- Am I Depressing my Rat?
Am I Depressing my Rat?
By Didi Gorman
You’re perplexed, I can tell. The title begs some explanation.
Meet Alfredo, our adorable pet rat.
Alfredo and his twin brother, Tippex, live happily in a spacious cage in our living room. (Don’t go ‘eeuw!’ How can such a sweet face be resisted?)
Anyway, I just read an article about rats’ mental health in a science magazine. (You’re making a face again, I can see you!) It appears that rats are sensitive to artificial light. Too much exposure to it, and it will mess up their natural cycle and confuse their internal clock, plunging them into a depression-like mood.
Come to think of it, the same has been said about the adverse effect artificial light has on humans (even worse since the advent of screens), so I’m sure we can all relate to the stress our rodent companions might be suffering.
But how can you tell if your rat is depressed?
Good Question. Thing is, rats’ facial expression is that of utter and permanent bewilderment. That’s just how their face is, and it never really changes, regardless of their mood, so we have to look for clues in their behavior.
A simple experiment of switching off the lights and watching the rats’ reaction can tell us a lot about their psyche. After conducting such an experiment here, I’ve not only learned about their preference for the shadows, but also reached the conclusion that rats’ well-being is sometimes at odds with their owners’.

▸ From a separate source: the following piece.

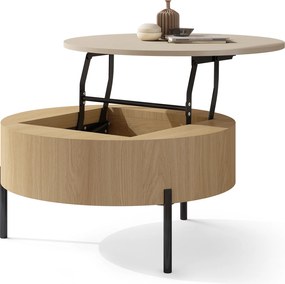 Mazzoni FRIDA Bej (Șampanie) / Stejar Oasis – MĂSUȚĂ DE CAFEA MODERNĂ CU BLAT RABATABIL ȘI SPAȚIU DE DEPOZITARE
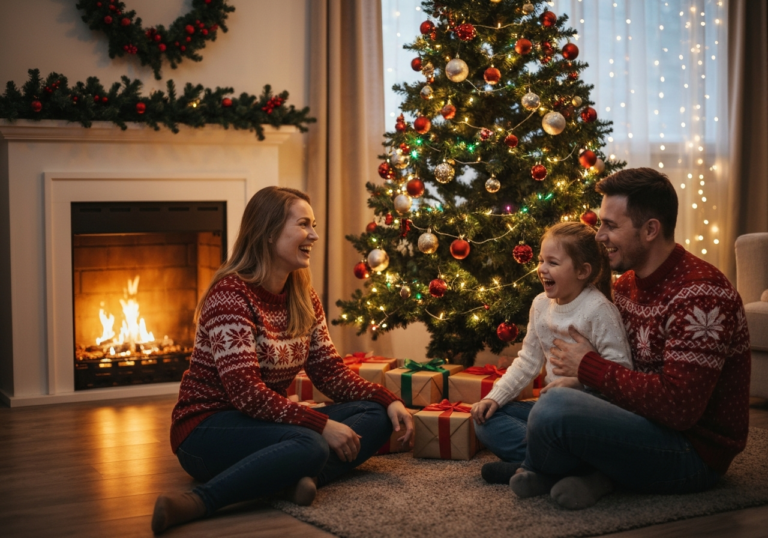 Rodzina przy choince z prezentami, świąteczne dekoracje i ciepłe światło kominka w przytulnym wnętrzu.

You see, my desk is situated right beside the rats’ cage, and I do, alas, tend to work in the evenings, lights on, and all.
A family council was therefore summoned to discuss the matter at hand. It was decided, by popular vote of six to one, and despite my protests, that the chandelier beside my desk remain unlit during the evenings. (Those six, in case you wonder, were comprised of daddy, three siblings, and two rats.)
I’m a bit in the dark as to how I’m supposed to keep working, but it has been clarified to me, beyond any doubt, that the rats’ mental stability is not up for debate. I’ve inflicted enough irreversible distress on them during all those evenings where I had selfishly chosen to work with the lights on; and quite frankly, the rats have had enough.
In addition, I have been warned that an inspection crew would later be sent to monitor my compliance with the new rule.
And then it went black.
In the dim living room, two now-cheerful rats peered out of their hammock (you’re making a face again) and then went dashing around the cage: one parkouring up and down the bars, the other sprinting on the training wheel. Their merriment and glee could hardly be contained. They made so much noise, in fact, that we couldn’t hear the TV. This, in return, has caused considerable irritation within the humans in the house.
After ten minutes of the rats’ joy-of-living impeding on the humans’, it was decided that the frolicking rats should be sedated, by means of turning the lights back on.
But what about their mental stability? I asked sheepishly.
Too late. The lights on my chandelier were back on in no time, upon which the melancholy rodents retreated back into their hammock.
I’m not too worried about them, though. At night, after we’ll have gone to bed, that’s when they’ll have a real party. And it will have all the elements a rat can possibly dream of: darkness aplenty and no humans in sight!